IDIOTS MIGHT GRIN when they see a fiery-eyed, supernatural Peter Dinklage give a knowing smile while avenging his bloody death at the teeth and talons of a hell-spawned succubus near the end of Knights of Badassdom. (Whoops! Spoiler alert!) He's a badass in Game of Thrones! And now he's a badass in a movie about live-action role-playing! How perfect!

But that's an accident. A stupid accident. Knights of Badassdom was shot almost three years ago, before the benefit of a thematic tie-in with a far superior product. And until it was summoned forth, it had been left to rot in the Negative Material Plane of Tinseltown. Where it belongs.

Knights of Badassdom doesn't know what kind of campy movie it wants to be. It starts off with promise, as the world is ready for a poke at role-playing nerds done with nuance, intelligence, and some in-the-know affection.
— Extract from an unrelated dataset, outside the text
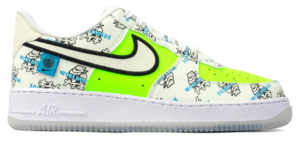 Giày Nike Air Force 1 Low “Worldwide” DA1343-117
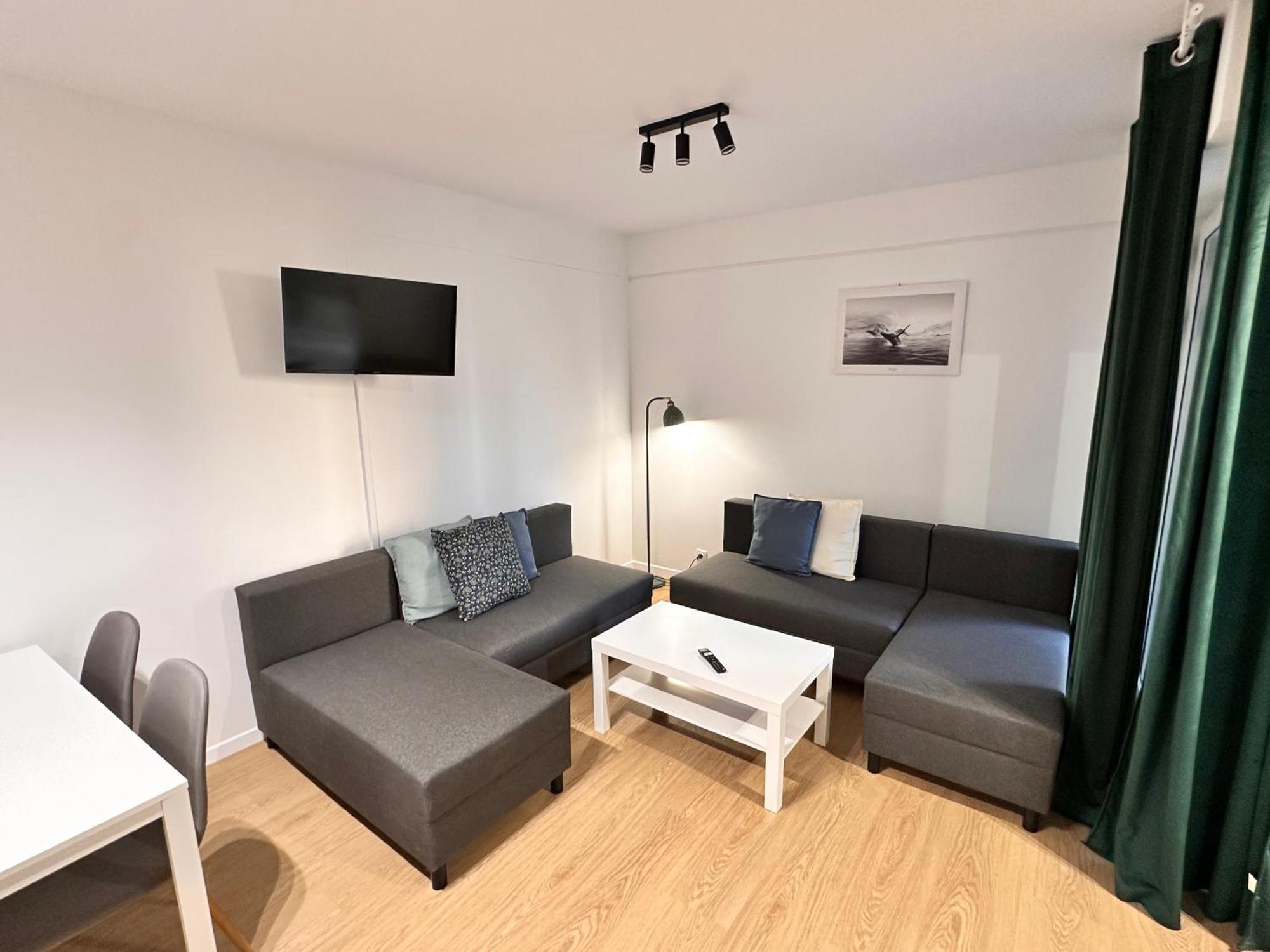 Lineburg Villa Apartments Varsó Kültér fotó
But the gags (I laughed maybe twice during the whole movie, and I don't even remember what at) never get any deeper than sissy/masturbation/thee-thou-verily riffs.

Then the whole thing lurches between a stoner-style breakup comedy and gore fest, both lacking cleverness. The occult business comes after an insecure wannabe wizard (Steve Zahn) overreaches by using a real-life occult spell book to summon a demon—except the demon looks just like his heartbroken friend's ex-girlfriend. I got so bored, I dozed off during the big battle at the end.

And yet, almost in spite of itself, Knights still does two things okay: Firefly's Summer Glau plays the toughest, smartest, and most fearless character in the whole movie, and True Blood's Ryan Kwanten is a pretty wicked metal singer. Metal winds up saving the day when Dinklage can't. If only it could have saved this shitshow of a movie.